[MATERIAL FOR THIS TASK Boundary: Start]
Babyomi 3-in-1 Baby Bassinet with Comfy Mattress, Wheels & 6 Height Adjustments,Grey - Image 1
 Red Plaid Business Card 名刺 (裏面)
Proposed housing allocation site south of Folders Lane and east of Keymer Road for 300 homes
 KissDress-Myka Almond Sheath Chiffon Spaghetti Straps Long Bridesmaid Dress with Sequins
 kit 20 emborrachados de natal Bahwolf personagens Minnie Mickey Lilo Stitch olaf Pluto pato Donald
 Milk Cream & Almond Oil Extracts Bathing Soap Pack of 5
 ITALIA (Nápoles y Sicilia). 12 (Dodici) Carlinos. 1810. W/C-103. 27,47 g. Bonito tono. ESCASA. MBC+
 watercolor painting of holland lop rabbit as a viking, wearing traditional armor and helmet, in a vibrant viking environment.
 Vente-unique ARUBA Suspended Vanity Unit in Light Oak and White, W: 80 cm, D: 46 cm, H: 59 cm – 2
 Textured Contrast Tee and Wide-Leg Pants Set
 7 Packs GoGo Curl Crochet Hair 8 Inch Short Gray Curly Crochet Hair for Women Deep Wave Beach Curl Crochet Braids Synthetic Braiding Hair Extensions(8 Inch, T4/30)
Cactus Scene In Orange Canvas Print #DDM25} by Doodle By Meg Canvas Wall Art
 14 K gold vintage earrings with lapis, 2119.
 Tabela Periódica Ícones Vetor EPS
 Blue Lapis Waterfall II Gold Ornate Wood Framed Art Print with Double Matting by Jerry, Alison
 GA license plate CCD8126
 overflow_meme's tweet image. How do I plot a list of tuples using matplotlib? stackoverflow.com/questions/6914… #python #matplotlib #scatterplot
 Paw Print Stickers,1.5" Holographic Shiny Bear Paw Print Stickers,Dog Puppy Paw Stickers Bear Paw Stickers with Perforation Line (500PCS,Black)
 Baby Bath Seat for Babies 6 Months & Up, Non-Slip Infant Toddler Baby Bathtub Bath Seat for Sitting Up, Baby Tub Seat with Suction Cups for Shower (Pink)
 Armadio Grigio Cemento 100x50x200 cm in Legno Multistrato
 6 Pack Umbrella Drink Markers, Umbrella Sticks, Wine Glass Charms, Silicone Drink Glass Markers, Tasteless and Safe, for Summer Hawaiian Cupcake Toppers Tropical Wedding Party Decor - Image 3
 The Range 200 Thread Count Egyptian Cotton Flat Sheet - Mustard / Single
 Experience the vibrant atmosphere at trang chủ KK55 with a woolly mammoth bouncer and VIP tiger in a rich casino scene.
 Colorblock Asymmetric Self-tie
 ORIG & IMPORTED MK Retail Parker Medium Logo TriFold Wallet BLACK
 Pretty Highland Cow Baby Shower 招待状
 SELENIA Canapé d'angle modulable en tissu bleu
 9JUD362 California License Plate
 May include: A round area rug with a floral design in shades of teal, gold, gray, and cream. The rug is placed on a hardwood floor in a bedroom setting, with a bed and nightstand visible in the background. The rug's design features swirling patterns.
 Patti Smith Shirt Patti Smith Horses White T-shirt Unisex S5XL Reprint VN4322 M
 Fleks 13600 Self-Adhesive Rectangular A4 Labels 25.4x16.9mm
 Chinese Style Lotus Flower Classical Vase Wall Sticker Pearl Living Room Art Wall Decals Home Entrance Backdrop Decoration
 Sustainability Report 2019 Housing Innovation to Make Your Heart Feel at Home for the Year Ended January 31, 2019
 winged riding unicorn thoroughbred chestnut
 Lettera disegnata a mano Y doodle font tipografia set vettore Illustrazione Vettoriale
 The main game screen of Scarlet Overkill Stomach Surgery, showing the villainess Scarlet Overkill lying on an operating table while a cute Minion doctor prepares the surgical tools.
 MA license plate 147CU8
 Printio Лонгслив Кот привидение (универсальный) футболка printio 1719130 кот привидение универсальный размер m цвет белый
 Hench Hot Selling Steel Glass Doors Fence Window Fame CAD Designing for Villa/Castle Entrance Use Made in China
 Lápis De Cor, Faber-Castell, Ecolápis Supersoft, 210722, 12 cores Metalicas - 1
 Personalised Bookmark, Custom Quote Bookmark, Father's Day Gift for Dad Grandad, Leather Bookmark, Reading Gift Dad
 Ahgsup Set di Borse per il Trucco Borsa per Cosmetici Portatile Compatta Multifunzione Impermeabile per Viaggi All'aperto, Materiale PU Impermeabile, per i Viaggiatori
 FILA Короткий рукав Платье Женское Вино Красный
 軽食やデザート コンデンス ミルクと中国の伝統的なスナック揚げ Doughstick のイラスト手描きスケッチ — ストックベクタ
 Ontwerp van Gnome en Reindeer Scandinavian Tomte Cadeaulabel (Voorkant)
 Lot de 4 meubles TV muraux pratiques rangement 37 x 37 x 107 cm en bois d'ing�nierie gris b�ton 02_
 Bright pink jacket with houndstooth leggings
[MATERIAL FOR THIS TASK Boundary: End]
**PROBLEM STATEMENT**
Please write out the whole listing exactly as given.

**OUTPUT FOR THIS EXERCISE**
Babyomi 3-in-1 Baby Bassinet with Comfy Mattress, Wheels & 6 Height Adjustments,Grey - Image 1
 Red Plaid Business Card 名刺 (裏面)
Proposed housing allocation site south of Folders Lane and east of Keymer Road for 300 homes
 KissDress-Myka Almond Sheath Chiffon Spaghetti Straps Long Bridesmaid Dress with Sequins
 kit 20 emborrachados de natal Bahwolf personagens Minnie Mickey Lilo Stitch olaf Pluto pato Donald
 Milk Cream & Almond Oil Extracts Bathing Soap Pack of 5
 ITALIA (Nápoles y Sicilia). 12 (Dodici) Carlinos. 1810. W/C-103. 27,47 g. Bonito tono. ESCASA. MBC+
 watercolor painting of holland lop rabbit as a viking, wearing traditional armor and helmet, in a vibrant viking environment.
 Vente-unique ARUBA Suspended Vanity Unit in Light Oak and White, W: 80 cm, D: 46 cm, H: 59 cm – 2
 Textured Contrast Tee and Wide-Leg Pants Set
 7 Packs GoGo Curl Crochet Hair 8 Inch Short Gray Curly Crochet Hair for Women Deep Wave Beach Curl Crochet Braids Synthetic Braiding Hair Extensions(8 Inch, T4/30)
Cactus Scene In Orange Canvas Print #DDM25} by Doodle By Meg Canvas Wall Art
 14 K gold vintage earrings with lapis, 2119.
 Tabela Periódica Ícones Vetor EPS
 Blue Lapis Waterfall II Gold Ornate Wood Framed Art Print with Double Matting by Jerry, Alison
 GA license plate CCD8126
 overflow_meme's tweet image. How do I plot a list of tuples using matplotlib? stackoverflow.com/questions/6914… #python #matplotlib #scatterplot
 Paw Print Stickers,1.5" Holographic Shiny Bear Paw Print Stickers,Dog Puppy Paw Stickers Bear Paw Stickers with Perforation Line (500PCS,Black)
 Baby Bath Seat for Babies 6 Months & Up, Non-Slip Infant Toddler Baby Bathtub Bath Seat for Sitting Up, Baby Tub Seat with Suction Cups for Shower (Pink)
 Armadio Grigio Cemento 100x50x200 cm in Legno Multistrato
 6 Pack Umbrella Drink Markers, Umbrella Sticks, Wine Glass Charms, Silicone Drink Glass Markers, Tasteless and Safe, for Summer Hawaiian Cupcake Toppers Tropical Wedding Party Decor - Image 3
 The Range 200 Thread Count Egyptian Cotton Flat Sheet - Mustard / Single
 Experience the vibrant atmosphere at trang chủ KK55 with a woolly mammoth bouncer and VIP tiger in a rich casino scene.
 Colorblock Asymmetric Self-tie
 ORIG & IMPORTED MK Retail Parker Medium Logo TriFold Wallet BLACK
 Pretty Highland Cow Baby Shower 招待状
 SELENIA Canapé d'angle modulable en tissu bleu
 9JUD362 California License Plate
 May include: A round area rug with a floral design in shades of teal, gold, gray, and cream. The rug is placed on a hardwood floor in a bedroom setting, with a bed and nightstand visible in the background. The rug's design features swirling patterns.
 Patti Smith Shirt Patti Smith Horses White T-shirt Unisex S5XL Reprint VN4322 M
 Fleks 13600 Self-Adhesive Rectangular A4 Labels 25.4x16.9mm
 Chinese Style Lotus Flower Classical Vase Wall Sticker Pearl Living Room Art Wall Decals Home Entrance Backdrop Decoration
 Sustainability Report 2019 Housing Innovation to Make Your Heart Feel at Home for the Year Ended January 31, 2019
 winged riding unicorn thoroughbred chestnut
 Lettera disegnata a mano Y doodle font tipografia set vettore Illustrazione Vettoriale
 The main game screen of Scarlet Overkill Stomach Surgery, showing the villainess Scarlet Overkill lying on an operating table while a cute Minion doctor prepares the surgical tools.
 MA license plate 147CU8
 Printio Лонгслив Кот привидение (универсальный) футболка printio 1719130 кот привидение универсальный размер m цвет белый
 Hench Hot Selling Steel Glass Doors Fence Window Fame CAD Designing for Villa/Castle Entrance Use Made in China
 Lápis De Cor, Faber-Castell, Ecolápis Supersoft, 210722, 12 cores Metalicas - 1
 Personalised Bookmark, Custom Quote Bookmark, Father's Day Gift for Dad Grandad, Leather Bookmark, Reading Gift Dad
 Ahgsup Set di Borse per il Trucco Borsa per Cosmetici Portatile Compatta Multifunzione Impermeabile per Viaggi All'aperto, Materiale PU Impermeabile, per i Viaggiatori
 FILA Короткий рукав Платье Женское Вино Красный
 軽食やデザート コンデンス ミルクと中国の伝統的なスナック揚げ Doughstick のイラスト手描きスケッチ — ストックベクタ
 Ontwerp van Gnome en Reindeer Scandinavian Tomte Cadeaulabel (Voorkant)
 Lot de 4 meubles TV muraux pratiques rangement 37 x 37 x 107 cm en bois d'ing�nierie gris b�ton 02_
 Bright pink jacket with houndstooth leggings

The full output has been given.